Капитан побарабанил толстыми пальцами по столу, потом пристально поглядел Геррику в лицо, но Геррик так же пристально глядел в стол на барабанящие пальцы. Судно чуть заметно покачивалось, и по столу между сидящими перебегал туда-сюда солнечный зайчик.
– Выслушайте меня! – не выдержал Геррик.
– Нет, сперва вы послушайте, – перебил Дэвис. – Послушайте и постарайтесь понять. Не знаю, как вам, а нам этот тип ни к чему. Он вашей породы, а не нашей, вы ему понравились, а о нас с Хьюишем он вытер башмаки. Попробуйте его спасти, если можете! Да, спасти, если вы на это способны! – еще раз сказал Дэвис, ударив по столу кулаком. – Ступайте на берег, потолкуйте с ним, и, если доставите его на судно вместе с жемчугом, я его пощажу. Если не приведете, ждите похорон. Так, Хьюиш? Вас это устраивает?
– Я зла не забываю, – сказал Хьюиш, – но и дела портить не люблю. Приведете субчика на шхуну вместе с его жемчугом – поступайте как хотите, высаживайте его где желаете, я не против.
– Ну а если мне не удастся? – вскричал Геррик, у которого пот струился по лицу. – Вы говорите так, будто я Господь всемогущий: сделай то, сделай это. А если я не сумею?
– Сын мой, – сказал капитан, – советую вам расстараться, а то увидите такое, что волосы дыбом встанут!
– Уж это да, – подхватил Хьюиш. – Крайки, пайки – да!
Он посмотрел на Геррика, улыбаясь тонкогубым ртом, и его улыбка, не обнажавшая зубов, показалась Геррику до ужаса кровожадной. И тут, как видно увлеченный своими последними идиотскими словами, Хьюиш разразился припевом к комической песенке, которую слышал, должно быть, лет двадцать назад в Лондоне; бессмысленная чепуха показалась в этих обстоятельствах отвратительной, как богохульство:
– Хайки, пайки, крайки, файки, чилинга валоба дори!
Капитан с неподвижным лицом терпеливо ждал, пока тот закончит.

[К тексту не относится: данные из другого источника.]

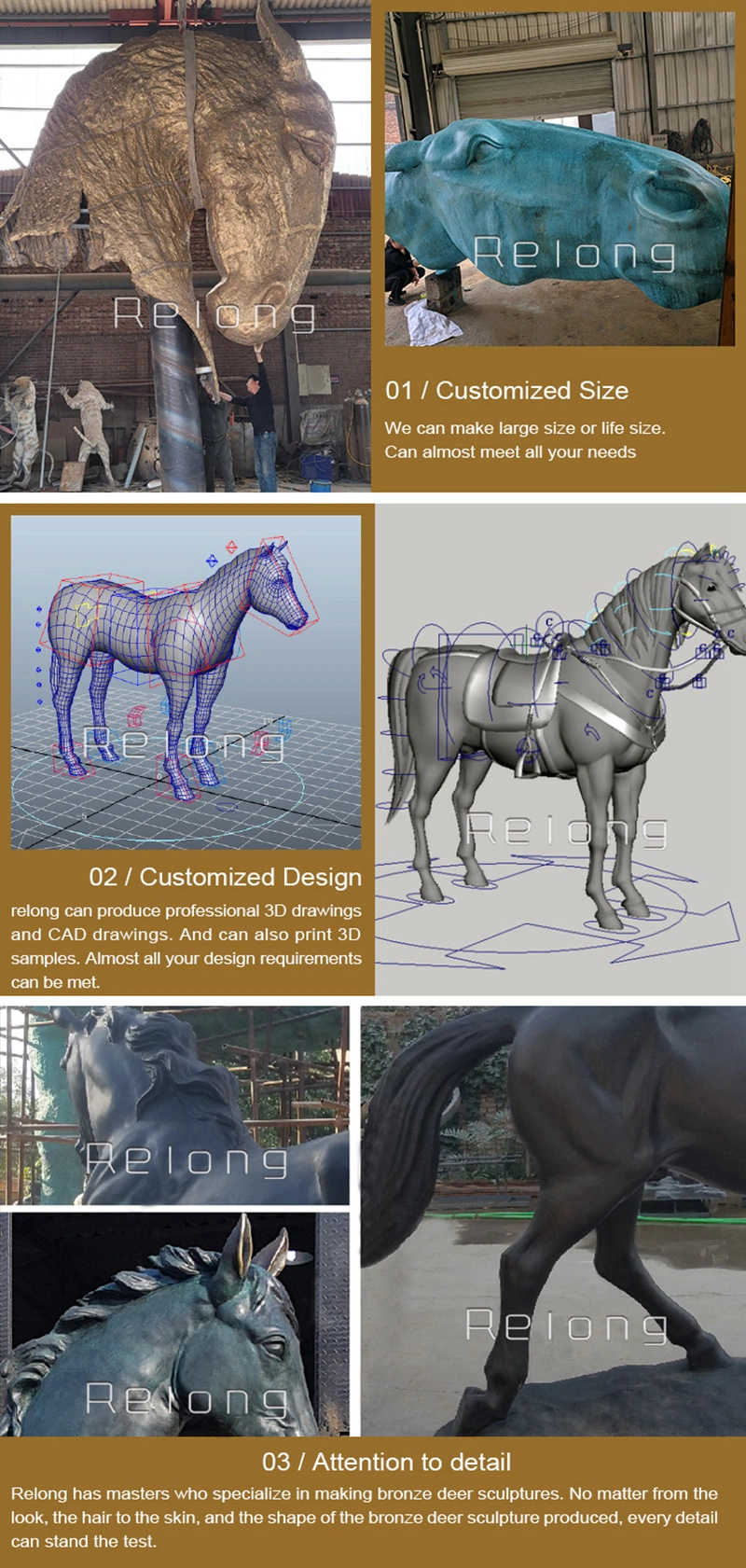 customized service of bronze horse sculpture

– Многие на моем месте не отпустили бы вас сейчас на берег, – заключил он. – Но я не из таковских. Я знаю, вы меня не продадите, Геррик! А если продадите, так черт с вами! – прокричал он и резко встал из-за стола.

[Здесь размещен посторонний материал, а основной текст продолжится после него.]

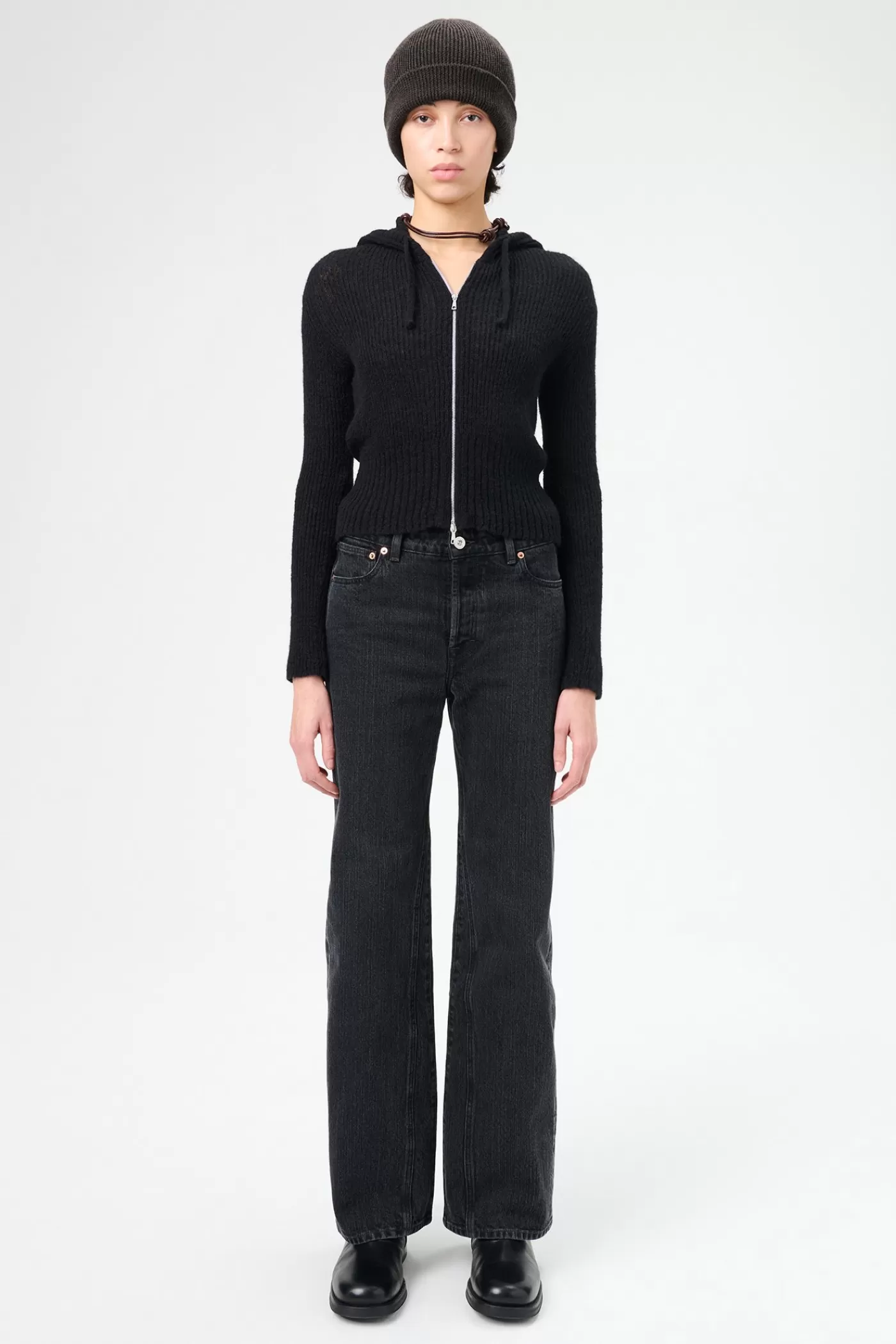 Online Black Fuzzy Alpaca Women Knitwear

Он пошел к двери, но, не дойдя до нее, повернулся и позвал Хьюиша – неожиданно и бешено, точно пролаял. Хьюиш повиновался, и Геррик остался в каюте один.

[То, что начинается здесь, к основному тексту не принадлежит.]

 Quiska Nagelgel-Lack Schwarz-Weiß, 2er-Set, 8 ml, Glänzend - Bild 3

– Слушай! – шепнул Дэвис Хьюишу. – Я его хорошо знаю. Если ты ему еще что-нибудь скажешь, все пропало.
Шлюпка ушла обратно и была уже на полпути к «Фараллоне», и тогда только Геррик отвернулся от моря и нехотя побрел вверх от пирса.
Впереди корабельная статуя взирала на него сверху как бы с иронией, ее голова в шлеме была запрокинута назад, могучая рука словно швыряла что-то, раковину или метательный снаряд, в стоящую на якоре шхуну. Статуя казалась воинственной богиней, которая порывисто выбежала на порог своего острова, словно собиралась взлететь, да так и замерла навеки в этой стремительной позе. Ее голова и плечи высились над Герриком; он задрал лицо вверх, испытывая любопытство, отдаваясь мечтательному настроению. Он мысленно блуждал по ее жизненному пути: так долго она была слепой водительницей корабля среди морских просторов, так долго пребывала здесь в праздности под палящим солнцем, которому пока еще не удалось испепелить ее! «Но конец ли это ее приключениям? – размышлял он. – Или впереди ждут новые?» И Геррик в глубине души пожалел, что она не идол, а он не язычник и не может преклонить перед ней колени в этот трудный для него час.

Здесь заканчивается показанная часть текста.